The observance included a performance by the Anointed Voices of Liberty Choir, an explanation of the origin of Martin Luther King Jr. Day, a slide show about King's life, a video of his famous "I Have a Dream" speech, and words by guest speaker Col. Larry Phelps, 15th Sust. Bde. commander and Greenville, Ala., native.
The choir, which sings for chapel services, sang several spirituals including "We Shall Overcome" as part of their arrangement and during the observance's closing.
Sgt. Railin Isaac, Headquarters and Headquarters Company, 15th Special Troops Battalion, 15th Sustainment Brigade, orderly room noncommissioned officer, explained the origins of the celebration which was first observed Jan. 20, 1986 but was not observed by all 50 states until 2000.
"It is one of four United States holidays to commemorate an individual person," Isaac said.
She also mentioned that during the campaign to make the day a federal holiday, 6 million signatures were collected in favor of the issue, the largest petition of its kind in U.S. history.
After the video of the "I Have a Dream" speech, Phelps said that he hoped everyone paid careful attention to it.
"... the 1,642 words that changed the nation that changes the world. Only 1,642 words, but words of such value, such impact, that they changed the course of the an entire nation," Phelps said.

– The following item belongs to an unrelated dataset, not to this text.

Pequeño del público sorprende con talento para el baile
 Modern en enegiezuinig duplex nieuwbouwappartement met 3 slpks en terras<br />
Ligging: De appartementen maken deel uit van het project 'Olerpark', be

He also said that King was one of America's founding fathers; he just came along later than the others in history. He encouraged the Soldiers to look to King as role model to emulate in character and values, and his courage to stand up for what was right.
"I remember going to a segregated school. I remember white and negro water fountains," Phelps said.
"And I remember the feeling of great sadness, of great loss we all felt when, on 4 April 1968, we heard the news of his assassination in Memphis."
After the observance Sgt. 1st Class Yetta Stewart, 15th Sust. Bde.'s equal opportunity advisor and Ann Arbor, Mich., native, explained why she believed that the day was so important.
"We want people to understand that Martin Luther King fought for equality for everyone," she said, emphasizing that the color of the person's skin didn't matter.
"It makes us culturally aware of racism and discrimination," Stewart said.
She also said that some people are a "product of their environment" and that additional education may help them overcome negative inclinations.
"We are all Americans and we are all the beneficiaries of Dr. King's dream," Phelps said.